— MATERIAL TO PROCESS —
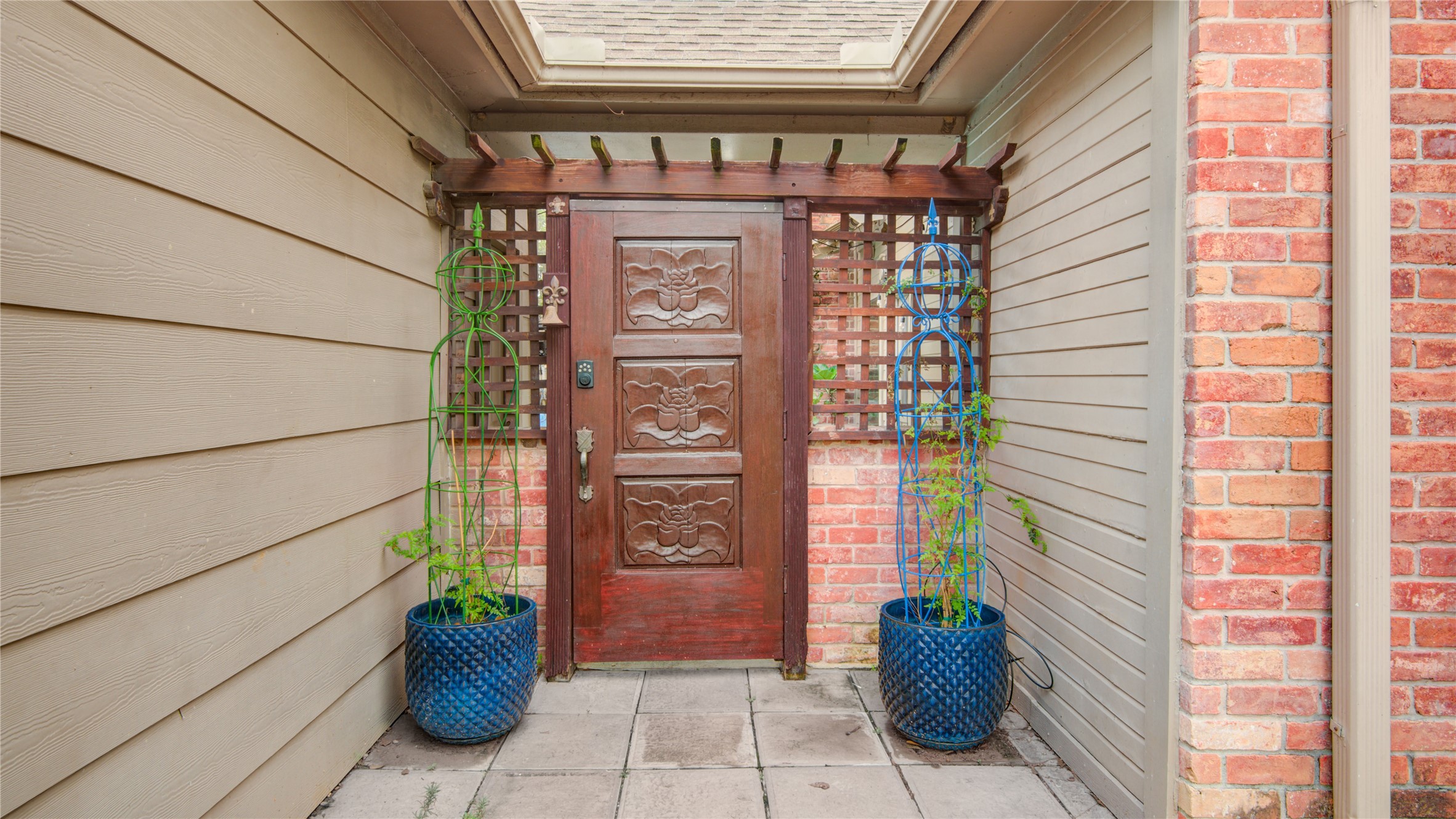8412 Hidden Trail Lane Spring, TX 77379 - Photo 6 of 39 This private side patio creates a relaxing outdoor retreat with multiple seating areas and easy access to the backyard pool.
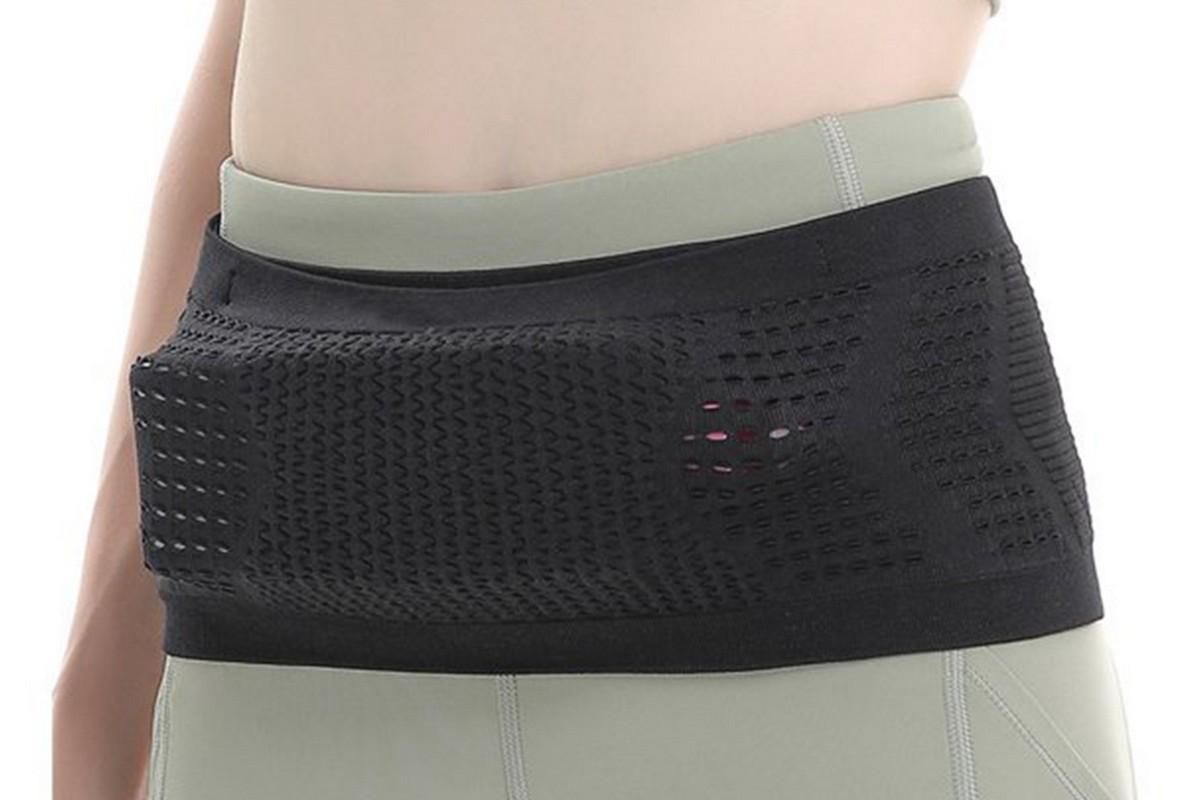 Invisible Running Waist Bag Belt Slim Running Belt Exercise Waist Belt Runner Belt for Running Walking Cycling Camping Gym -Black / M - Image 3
---
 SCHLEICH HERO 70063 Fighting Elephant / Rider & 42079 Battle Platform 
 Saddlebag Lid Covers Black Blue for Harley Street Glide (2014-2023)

— WORK ITEM —
Line for line, output the entries above from the line with "8412 Hidden Trail" to the line with "Invisible Running Waist", both included, and nothing more. Skip pictures.

— RESPONSE TO THIS EXERCISE —
8412 Hidden Trail Lane Spring, TX 77379 - Photo 6 of 39 This private side patio creates a relaxing outdoor retreat with multiple seating areas and easy access to the backyard pool.
 Invisible Running Waist Bag Belt Slim Running Belt Exercise Waist Belt Runner Belt for Running Walking Cycling Camping Gym -Black / M - Image 3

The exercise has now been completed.